Photo Credit: SUBMITTED PHOTO - A man attempting a chip shot at Charbonneau Golf Club.

Due to millennial disinterest, economic woes and stagnated course construction, it’s a nervy time to be in the golf business.

However, according to recently elected president Dale Owen, Charbonneau Golf Club is positioning itself to buck that trend through sheer monetary prudence and customer awareness.

“Our business is not dropping at a drastic rate like other courses because we cater to our customers,” Owen said.

Instead of forcing upon customers the traditional 18-hole, five-hour time-commitment, the club has three nine hole courses. Customers can play nine, 18 or even 27 holes if they desire. Also, the courses have zero par fives, increasing round expediency.

“People that want to spend every Saturday morning playing golf for five hours are going away,’ Owen said.

He also believes the courses are attractive because they cater to a wide range of skill levels.

“It’s user friendly, so the best golfer and the beginner can play. We are dedicated to having a great golf experience for all skill levels. These type of courses are doing better than the big, expensive courses in this area and all over the country,” Owen said.

The board has also stopped wasting resources such as water and fertilizer.

“Our fertilizing program and spraying program keep the course in the quality that it is without wasting water and fertilizer,” Owen said.

In order to draw in youth to the course, the club started a weeklong camp for junior golfers to sniff the grassy aroma, take in golf’s aesthetic beauty and develop a love for the game.

“We’re packed with young people during that week. We ask juniors after the camp if they got anything out of it and they’re all ecstatic about it,” Owen said.

At Charbonneau, ideas are uncorked and instigated by a group of unpaid, but willing volunteers.

“The board is made up of dedicated people that give endless hours to the success of the business,” Owen said.

The board disperses duties to planning, financial and business development committees to spearhead projects such as the removal of obtrusive geese earlier this year.

“The course was non-playable because of the geese. We had hundreds of geese at times because we’re on the geese flight pattern. The amount of waste that they leave is two to three pounds a day. It was a health hazard for everyone to be around that. Plus, the noise was distracting,” Owen said.
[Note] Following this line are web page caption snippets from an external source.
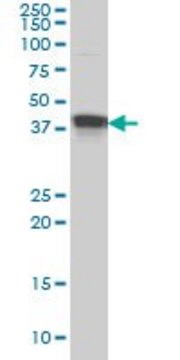 Monoclonal Anti-MBNL1 antibody produced in mouse clone 1D11, purified immunoglobulin, buffered aqueous solution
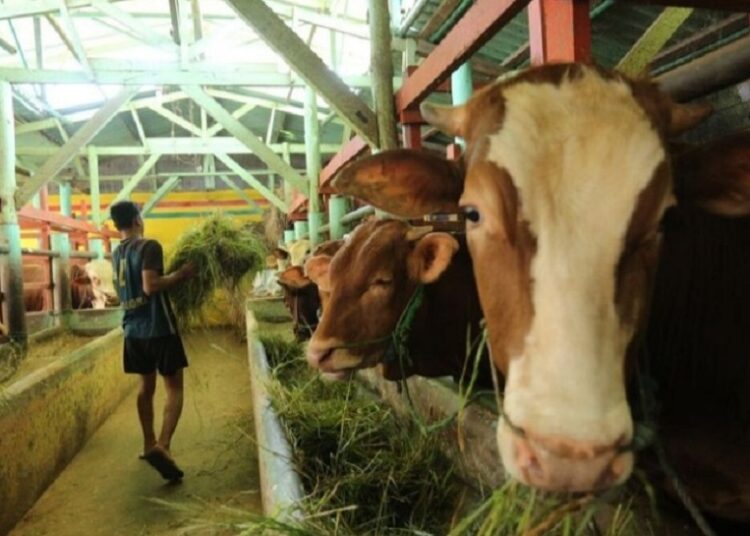 Tisna Umaran: 1. 276 Ekor Hewan di Kab. Bandung Terindikasi Virus PMK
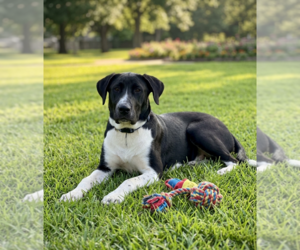 Great Dane-Labrador Retriever Mix Dogs for adoption in Genesee, WI, USA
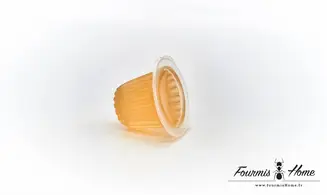 Gelée proteinée MIEL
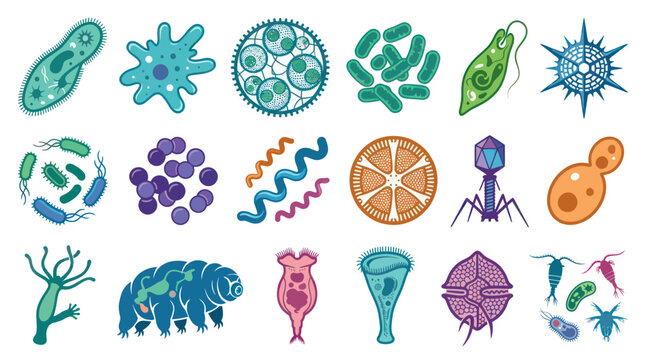 Diverse Microorganisms and Viruses in Flat Style - Scientific Illustration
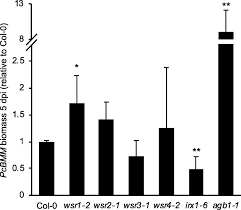 The genes which are expressed specifically in stems are mainly encoding cell wall proteins and other metabolic enzymes of the plant vasculture. Functional Characterization Of Genes Mediating Cell Wall Metabolism And Responses To Plant Cell Wall Integrity Impairment Bmc Plant Biology Full Text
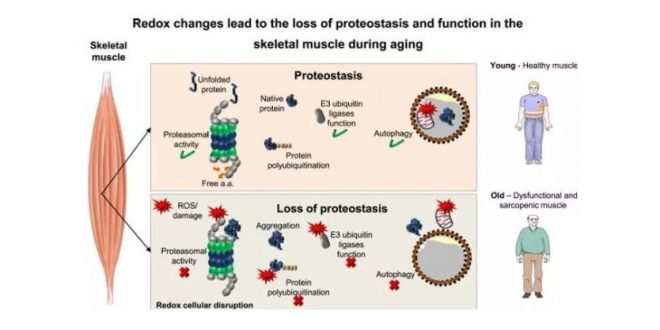 Protein to reverse muscle again one study show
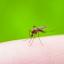 Venti i virus sorvegliati, arrivano dall'Africa e dall'Asia, pericolo zanzare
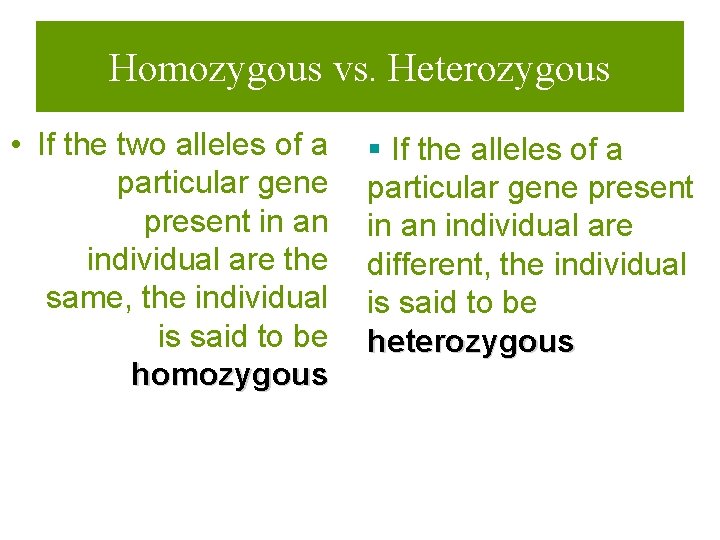 Homozygous vs. Heterozygous • If the two alleles of a particular gene present in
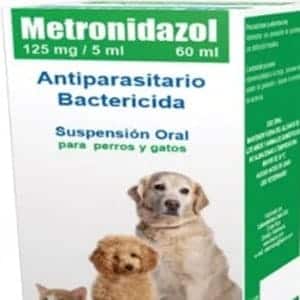 Antibióticos para el parvovirus en perros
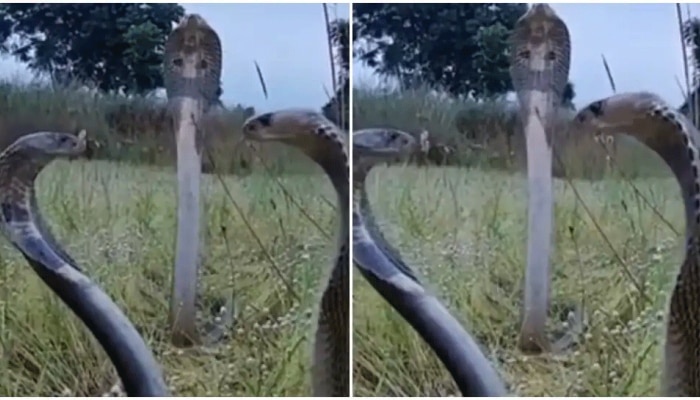Viral Video: ಒಟ್ಟೊಟ್ಟಿಗೆ 3 ಘಟ ಸರ್ಪಗಳು ಕಾಣಿಸಿಕೊಂಡಾಗ ಏನಾಯ್ತು ನೋಡಿ..!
However, they hired a “geese guy” to “patrol” the premises and extricate pesky geese.

Now that the geese problem is solved, the board is working on expanding food and beverage options.
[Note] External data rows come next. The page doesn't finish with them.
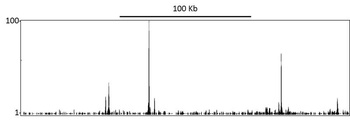 Rabbit beta Catenin Antibody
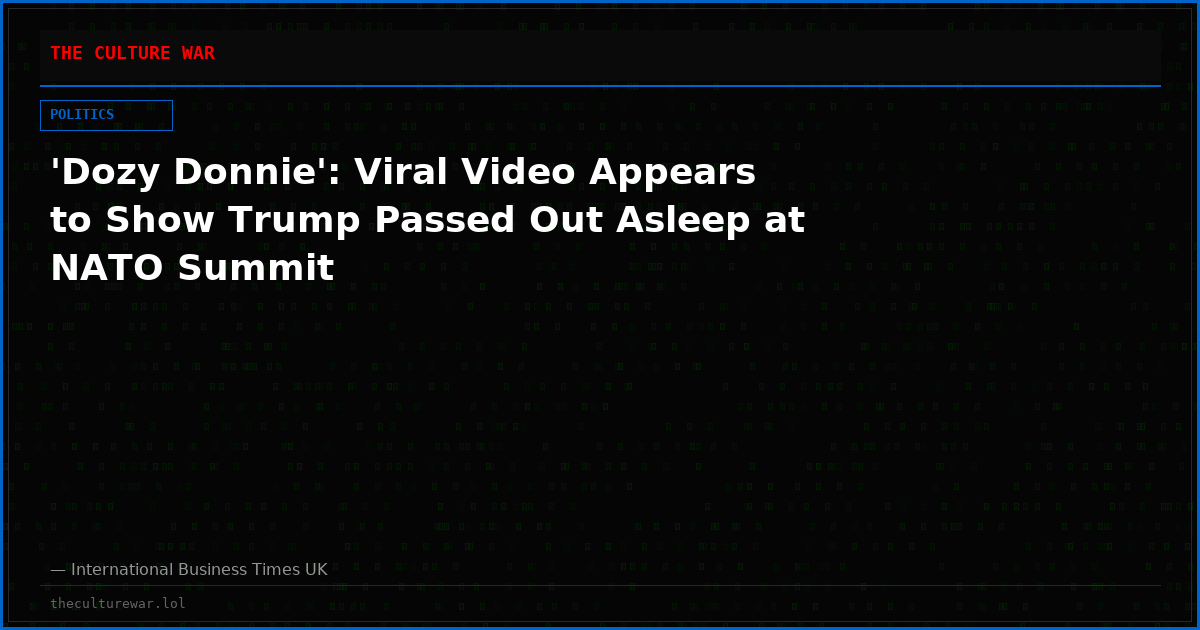 'Dozy Donnie': Viral Video Appears to Show Trump Passed Out Asleep at NATO Summit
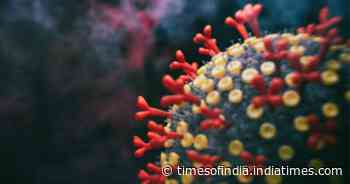 Coronavirus infection: This is when you actually allow COVID into your home - Times of India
“We’re looking into offering a grill service with tables inside that offers a little more than just hamburgers and hot dogs. We want it to serve as a community meeting area,” Owen said.

Owen was elected president after one year on the board and succeeded Jim Gibbons, who was president from 2012-14. Prior to moving to Charbonneau, Owen worked in Redmond and Albany for 40 years selling turf equipment and farm equipment. Owen thinks he was elected because of his business and golf course experience.
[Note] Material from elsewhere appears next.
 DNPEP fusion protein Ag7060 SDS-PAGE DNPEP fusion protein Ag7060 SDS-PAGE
“I have over 40 years of business experience,” Owen said. He added: “I bring some experience in terms of grass care. I have a golf course background and worked with golf courses a lot.”

The board also added seven-year member Randy McCauley, Elaine Swyt and Bob Wiese to its group of decision makers.

Owen said the golf industry will never flourish like it did 20 years ago, but courses like Charbonneau with strong local ties that provide high value services are here to stay.